After finding the line with "Skoda Superb — фото 4" in the entries below, retype exactly each line from there through the line with "Friends inComplete Series", including that final line.
[Material to process — start]
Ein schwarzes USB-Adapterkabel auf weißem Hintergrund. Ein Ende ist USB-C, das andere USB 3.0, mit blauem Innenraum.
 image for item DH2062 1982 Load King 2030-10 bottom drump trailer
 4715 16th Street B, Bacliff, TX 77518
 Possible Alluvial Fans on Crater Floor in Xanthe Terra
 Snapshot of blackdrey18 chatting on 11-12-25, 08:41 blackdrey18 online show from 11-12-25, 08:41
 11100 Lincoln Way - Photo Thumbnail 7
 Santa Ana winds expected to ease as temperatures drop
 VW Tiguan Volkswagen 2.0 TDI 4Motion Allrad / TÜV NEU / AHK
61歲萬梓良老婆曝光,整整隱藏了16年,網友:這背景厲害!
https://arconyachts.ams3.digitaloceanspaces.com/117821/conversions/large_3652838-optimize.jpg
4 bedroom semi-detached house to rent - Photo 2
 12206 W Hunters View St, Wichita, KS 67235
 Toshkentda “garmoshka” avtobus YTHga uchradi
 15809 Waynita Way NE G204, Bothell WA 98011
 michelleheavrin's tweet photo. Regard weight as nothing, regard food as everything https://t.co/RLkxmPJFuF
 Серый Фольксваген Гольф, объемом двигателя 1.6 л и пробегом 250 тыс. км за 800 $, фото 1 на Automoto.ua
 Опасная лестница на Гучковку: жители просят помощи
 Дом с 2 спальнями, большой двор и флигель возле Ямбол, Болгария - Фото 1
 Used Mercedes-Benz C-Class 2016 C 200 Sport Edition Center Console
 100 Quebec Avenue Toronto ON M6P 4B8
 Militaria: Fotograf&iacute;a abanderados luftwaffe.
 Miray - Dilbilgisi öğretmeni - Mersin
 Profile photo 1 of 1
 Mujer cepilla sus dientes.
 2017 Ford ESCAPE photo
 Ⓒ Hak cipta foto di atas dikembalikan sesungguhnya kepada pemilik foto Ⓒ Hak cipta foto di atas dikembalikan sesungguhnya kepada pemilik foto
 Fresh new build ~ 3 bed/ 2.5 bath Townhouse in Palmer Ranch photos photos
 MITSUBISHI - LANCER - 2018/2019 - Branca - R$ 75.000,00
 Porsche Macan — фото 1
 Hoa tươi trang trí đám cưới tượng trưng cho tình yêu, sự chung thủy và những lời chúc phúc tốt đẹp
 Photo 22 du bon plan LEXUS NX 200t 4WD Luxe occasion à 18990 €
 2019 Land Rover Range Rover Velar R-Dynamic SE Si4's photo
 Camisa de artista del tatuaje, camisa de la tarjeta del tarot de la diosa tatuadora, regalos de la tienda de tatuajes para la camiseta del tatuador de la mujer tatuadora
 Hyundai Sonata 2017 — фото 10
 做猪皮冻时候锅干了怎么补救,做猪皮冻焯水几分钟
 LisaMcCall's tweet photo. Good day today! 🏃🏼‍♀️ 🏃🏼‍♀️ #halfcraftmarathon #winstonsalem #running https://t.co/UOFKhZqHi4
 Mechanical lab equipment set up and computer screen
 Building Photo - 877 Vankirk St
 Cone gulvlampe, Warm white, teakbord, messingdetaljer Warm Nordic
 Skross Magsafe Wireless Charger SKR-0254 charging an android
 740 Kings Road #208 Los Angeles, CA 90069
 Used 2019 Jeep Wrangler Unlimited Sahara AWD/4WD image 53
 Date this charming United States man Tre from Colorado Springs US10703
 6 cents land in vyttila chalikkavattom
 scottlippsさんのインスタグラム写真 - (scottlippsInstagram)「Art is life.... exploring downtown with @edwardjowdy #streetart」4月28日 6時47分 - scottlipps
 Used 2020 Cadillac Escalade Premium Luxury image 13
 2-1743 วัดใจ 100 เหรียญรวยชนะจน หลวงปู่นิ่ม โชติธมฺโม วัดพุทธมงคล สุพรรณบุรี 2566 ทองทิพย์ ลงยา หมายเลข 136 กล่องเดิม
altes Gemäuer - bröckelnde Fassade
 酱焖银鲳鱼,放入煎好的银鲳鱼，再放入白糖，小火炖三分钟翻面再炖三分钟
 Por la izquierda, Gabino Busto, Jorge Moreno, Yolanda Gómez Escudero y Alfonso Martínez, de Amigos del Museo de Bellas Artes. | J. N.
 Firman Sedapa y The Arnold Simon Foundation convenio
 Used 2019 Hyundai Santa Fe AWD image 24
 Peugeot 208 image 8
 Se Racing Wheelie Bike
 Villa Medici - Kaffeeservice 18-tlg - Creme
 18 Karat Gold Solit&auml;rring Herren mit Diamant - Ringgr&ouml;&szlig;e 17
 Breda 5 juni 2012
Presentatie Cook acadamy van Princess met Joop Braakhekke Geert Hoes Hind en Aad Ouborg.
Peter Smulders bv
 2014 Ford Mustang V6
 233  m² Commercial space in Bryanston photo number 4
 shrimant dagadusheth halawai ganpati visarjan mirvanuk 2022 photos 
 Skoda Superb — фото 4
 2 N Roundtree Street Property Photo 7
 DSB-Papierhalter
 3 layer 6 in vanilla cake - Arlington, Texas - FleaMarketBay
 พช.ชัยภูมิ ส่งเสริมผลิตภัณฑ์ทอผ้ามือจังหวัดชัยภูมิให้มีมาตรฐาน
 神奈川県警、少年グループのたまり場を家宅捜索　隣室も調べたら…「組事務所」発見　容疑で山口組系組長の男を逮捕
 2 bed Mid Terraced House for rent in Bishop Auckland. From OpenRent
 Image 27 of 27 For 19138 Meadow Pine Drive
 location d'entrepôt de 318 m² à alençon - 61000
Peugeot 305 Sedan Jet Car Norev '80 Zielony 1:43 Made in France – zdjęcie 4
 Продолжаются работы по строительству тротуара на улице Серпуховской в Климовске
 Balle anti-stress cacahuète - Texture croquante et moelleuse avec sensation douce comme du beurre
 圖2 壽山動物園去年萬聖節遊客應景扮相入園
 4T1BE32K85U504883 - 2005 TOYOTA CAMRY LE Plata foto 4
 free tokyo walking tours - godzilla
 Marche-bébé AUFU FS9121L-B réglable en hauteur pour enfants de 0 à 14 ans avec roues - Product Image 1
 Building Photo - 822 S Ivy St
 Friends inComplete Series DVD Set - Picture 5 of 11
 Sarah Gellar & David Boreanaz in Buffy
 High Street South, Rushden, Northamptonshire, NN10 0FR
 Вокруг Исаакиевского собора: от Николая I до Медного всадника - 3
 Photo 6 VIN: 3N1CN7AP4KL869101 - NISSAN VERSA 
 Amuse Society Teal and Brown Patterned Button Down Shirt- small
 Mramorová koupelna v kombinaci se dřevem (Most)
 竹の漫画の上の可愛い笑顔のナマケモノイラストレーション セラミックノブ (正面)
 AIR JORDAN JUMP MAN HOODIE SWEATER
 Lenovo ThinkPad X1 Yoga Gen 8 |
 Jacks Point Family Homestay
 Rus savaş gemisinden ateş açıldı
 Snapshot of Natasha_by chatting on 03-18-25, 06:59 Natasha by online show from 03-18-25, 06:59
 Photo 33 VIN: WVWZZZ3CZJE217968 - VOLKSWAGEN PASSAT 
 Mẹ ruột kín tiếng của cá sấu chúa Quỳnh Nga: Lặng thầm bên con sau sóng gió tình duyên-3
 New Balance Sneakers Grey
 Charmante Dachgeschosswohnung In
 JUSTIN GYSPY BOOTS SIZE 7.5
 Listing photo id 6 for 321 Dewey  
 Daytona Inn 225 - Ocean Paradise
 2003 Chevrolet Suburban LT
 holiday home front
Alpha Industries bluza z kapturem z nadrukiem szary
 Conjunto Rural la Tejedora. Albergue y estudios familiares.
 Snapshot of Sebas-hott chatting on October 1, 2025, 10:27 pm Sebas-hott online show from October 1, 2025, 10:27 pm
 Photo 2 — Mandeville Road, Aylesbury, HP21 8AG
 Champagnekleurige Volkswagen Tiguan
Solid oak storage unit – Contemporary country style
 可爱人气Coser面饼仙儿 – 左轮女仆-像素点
[Material to process — finish]
▸ **Task solution**
 Skoda Superb — фото 4
 2 N Roundtree Street Property Photo 7
 DSB-Papierhalter
 3 layer 6 in vanilla cake - Arlington, Texas - FleaMarketBay
 พช.ชัยภูมิ ส่งเสริมผลิตภัณฑ์ทอผ้ามือจังหวัดชัยภูมิให้มีมาตรฐาน
 神奈川県警、少年グループのたまり場を家宅捜索　隣室も調べたら…「組事務所」発見　容疑で山口組系組長の男を逮捕
 2 bed Mid Terraced House for rent in Bishop Auckland. From OpenRent
 Image 27 of 27 For 19138 Meadow Pine Drive
 location d'entrepôt de 318 m² à alençon - 61000
Peugeot 305 Sedan Jet Car Norev '80 Zielony 1:43 Made in France – zdjęcie 4
 Продолжаются работы по строительству тротуара на улице Серпуховской в Климовске
 Balle anti-stress cacahuète - Texture croquante et moelleuse avec sensation douce comme du beurre
 圖2 壽山動物園去年萬聖節遊客應景扮相入園
 4T1BE32K85U504883 - 2005 TOYOTA CAMRY LE Plata foto 4
 free tokyo walking tours - godzilla
 Marche-bébé AUFU FS9121L-B réglable en hauteur pour enfants de 0 à 14 ans avec roues - Product Image 1
 Building Photo - 822 S Ivy St
 Friends inComplete Series DVD Set - Picture 5 of 11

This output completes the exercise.